══ Exercise materials

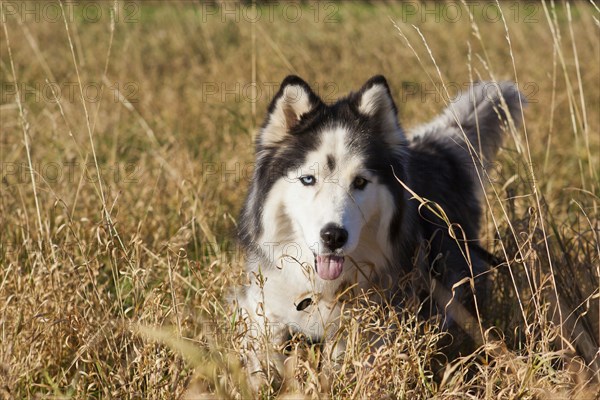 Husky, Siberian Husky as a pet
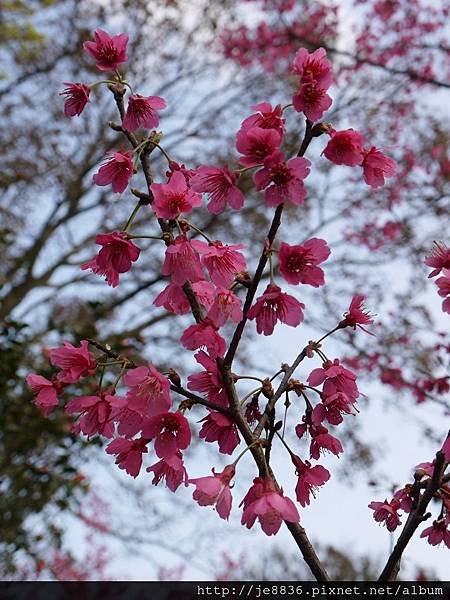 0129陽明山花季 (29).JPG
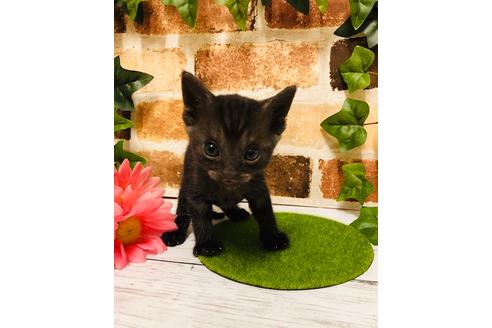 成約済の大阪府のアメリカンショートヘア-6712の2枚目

════
══ Exercise materials

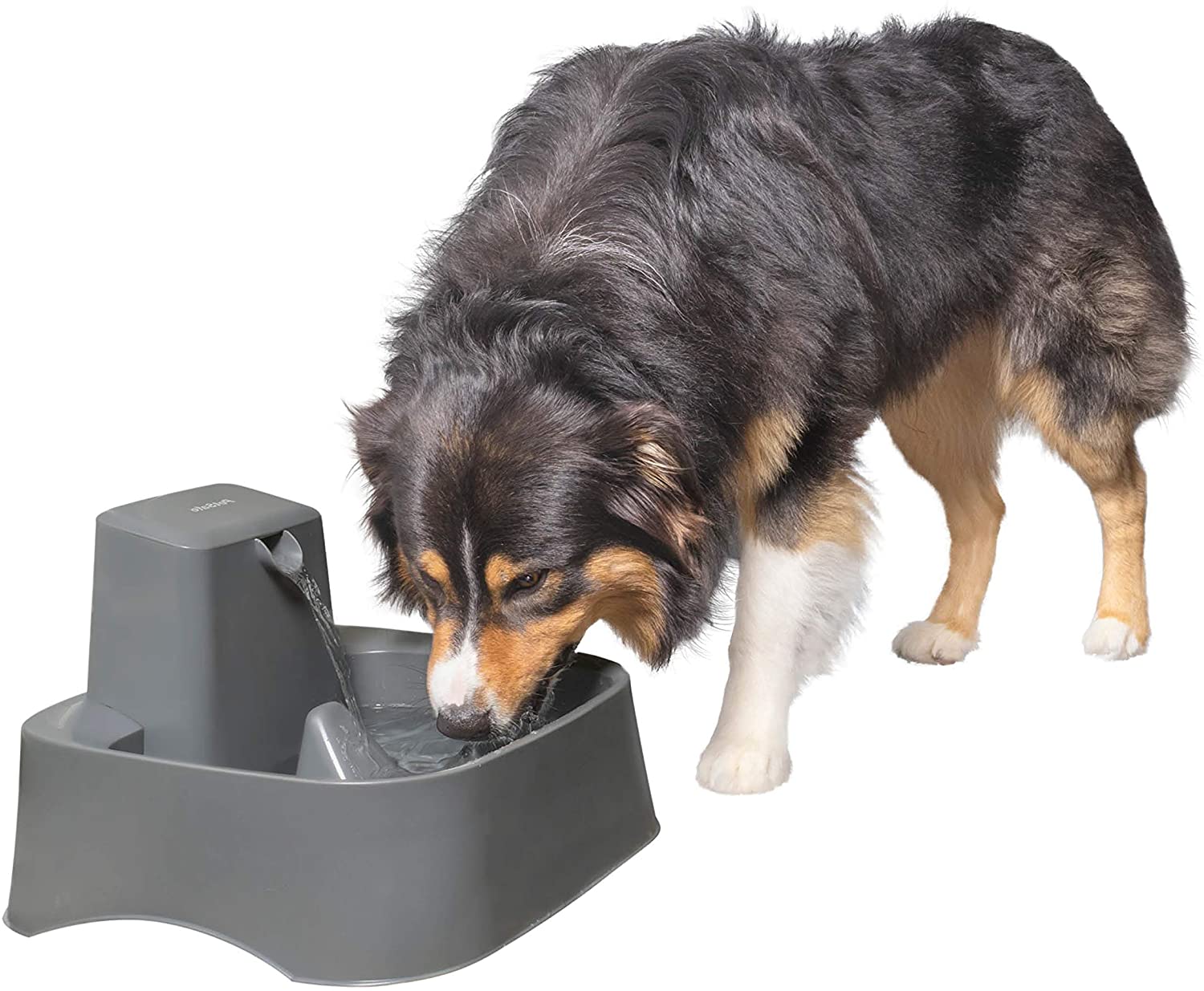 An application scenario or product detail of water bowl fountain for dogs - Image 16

════
══ Exercise materials

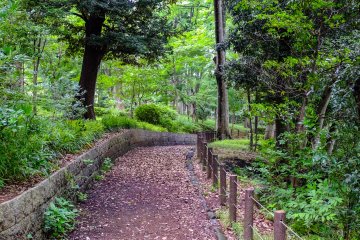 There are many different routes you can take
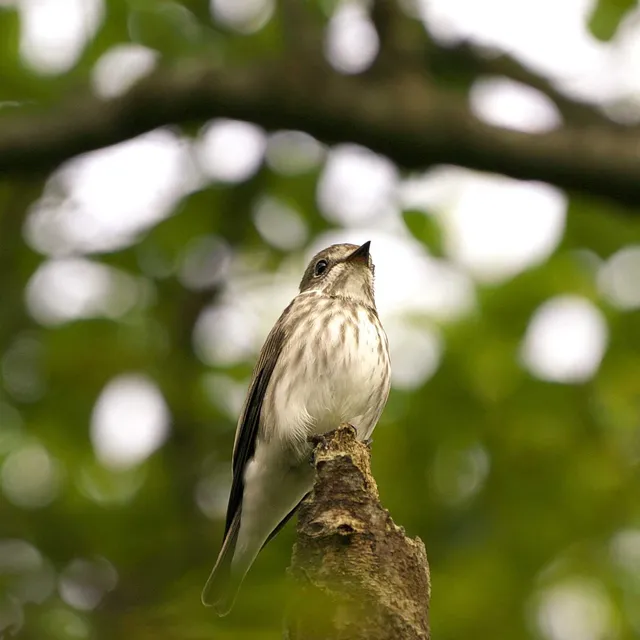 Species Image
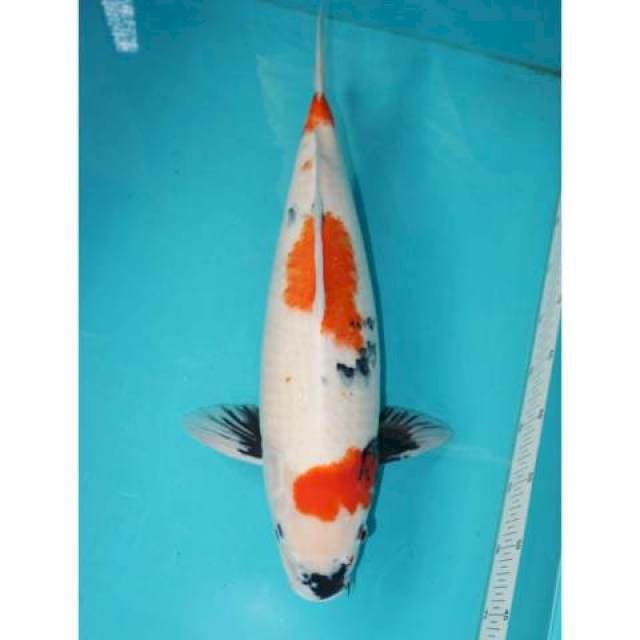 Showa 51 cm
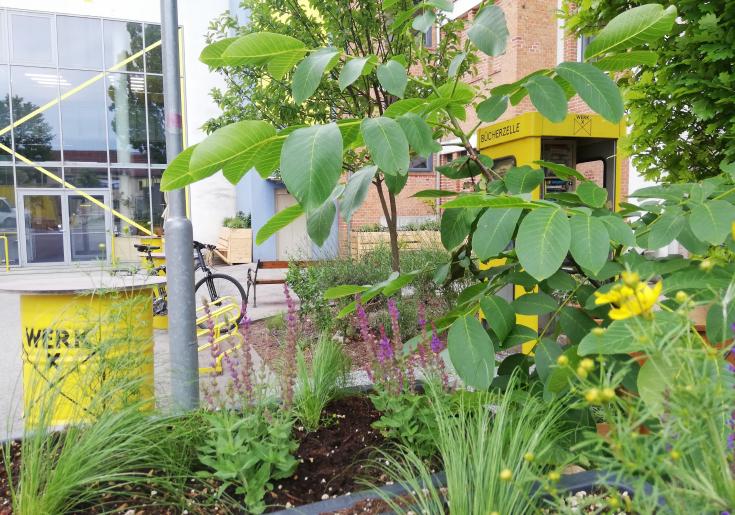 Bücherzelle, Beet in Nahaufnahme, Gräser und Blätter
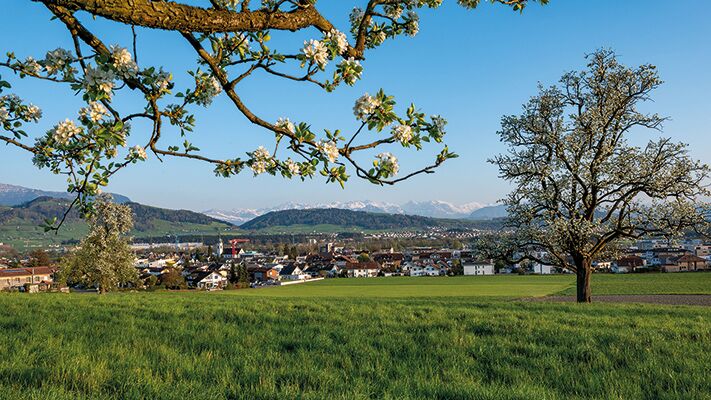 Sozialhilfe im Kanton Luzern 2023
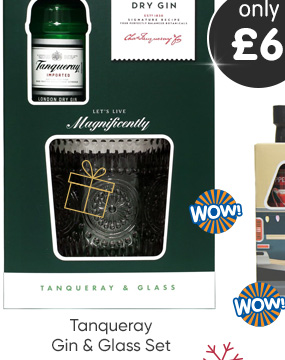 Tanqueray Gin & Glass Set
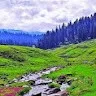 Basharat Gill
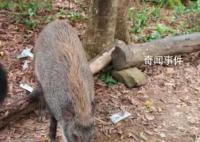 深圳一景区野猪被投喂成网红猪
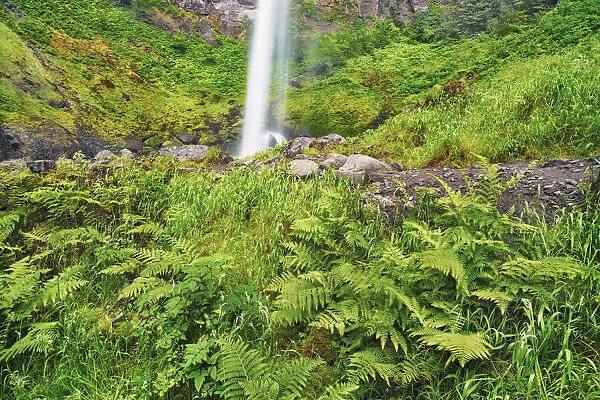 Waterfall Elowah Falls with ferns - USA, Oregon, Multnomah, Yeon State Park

════

> _Exercise goal_: Give again the stretch of the entries above that begins at the line with "Husky, Siberian Husky as a pet" and ends at the line with "成約済の大阪府のアメリカンショートヘア-6712の2枚目", word for word, with no pictures.

> _Solution for this problem_:
 Husky, Siberian Husky as a pet
 0129陽明山花季 (29).JPG
 成約済の大阪府のアメリカンショートヘア-6712の2枚目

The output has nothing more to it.